• iste benim basligim; toplasin beyler, bir insanin parayi vurmak icin neler yaptiginin dramatik ve sanssiz orneklerini sunacagim size.

    yil 2002 civarlari, universite zamanlari. kapari denen bitkiyi daha bilen yok. mersin genc isadamlari dernegi bir yarisma acmis. finale kalan son 33 kisiyi fransaya goturuyor. surdurulebilir tarim alaninda bir proje hazirladim gonderdim, kapari uretimi ile ilgili. bir aksam bir telefon geldi, 'sizi son degerlendirmeye cagiriyoruz ' dediler. atladim mersin' e gittim antalyadan. o zaman aklimiz bir karis havada 19-20 yasindayiz. artis artis girdik iceriye. kodaman kodaman adamlar, benden iyi biliyor amk mevzuyu. iki soru sordular, apistik kaldik. hazirliksiz olmak ve fazla ozguven dolayisi ile elendik tabi. bir kac sene sonra bir tv programinin duzenledigi girisimcilik yarismasinda ise kapari uretimi ile ilgili proje birinci oldu ve 1 milyon tl odul aldi.

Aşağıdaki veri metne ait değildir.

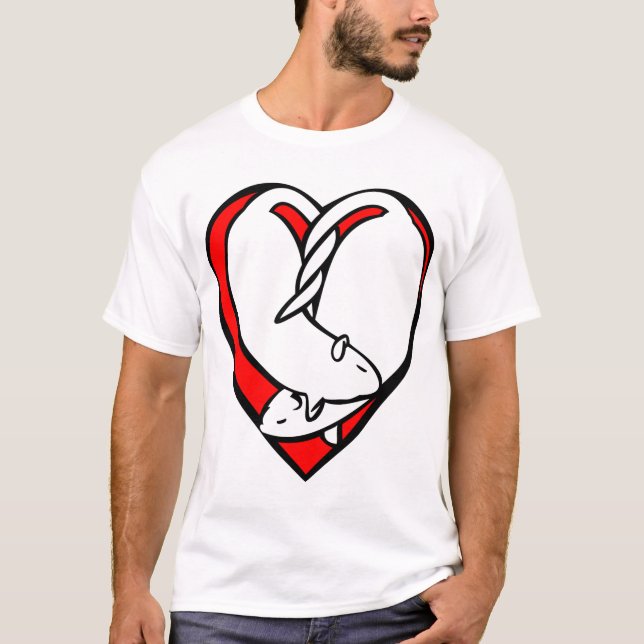 T-shirt Rats d'amoureux (Devant)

    bir sonraki voleyi vurma denemem ise teknoloji uzerine. daha internet sansur olaylari yeni medyaya cikmis. youtube un yasakli oldugu donemler, 2012-2013 sanirim. xhamster falan girilemiyor, daha vpn ler cok piyasa olmamis, millet olaya hakim degil. uykaf.com diye bir web sitesi aldim, adult iceriklerin kisitlanmadigi bir database uzerinden trafik alip icine cgi proxy koydum ve sunucuyu xhamster.com uzerine yonlendirdim. o web sitesinin de google play application ini yaptim. ismi xhamster andro pro. hatta sozlukte basligini falan acmistim :) neyse, o zamanlar google android developer hesabini tr den acamiyorsun. norvecteki bir arkadasimin uzerinden developer hesabi acip app'i yukledim ve 1 dolardan satisa koydum. yaklasik iki gunde 500+ kronluk satis yapti. benim programda google play list de adim adim ust siralara tirmaniyor tabi. dubai den falan mail atiyorlar bu program cok iyi helal olsun falan yaziyorlar. 1 dolar amk. sudan ucuz :) arkadaslar da duydu mevzuyu, havamdan gecilmiyor. gelecegin sergey brin' iyim sanki. triplere gel. dedim bu sefer galiba voleyi vurdum.. ama vuramamisim, bir hafta sonra google tos ihlal ettigim icin programi kaldirdi. parayi da hala cekemedim. hala mail gelip duruyor google playden, hesap numaranizi tanimlayin diye. norvec hesabi olsa tanimlayacagim da arkadas da norvecte degil. ozetlersem google in bana 600 kron civari borcu var, tahsil edebilecekler yesillendirsin :)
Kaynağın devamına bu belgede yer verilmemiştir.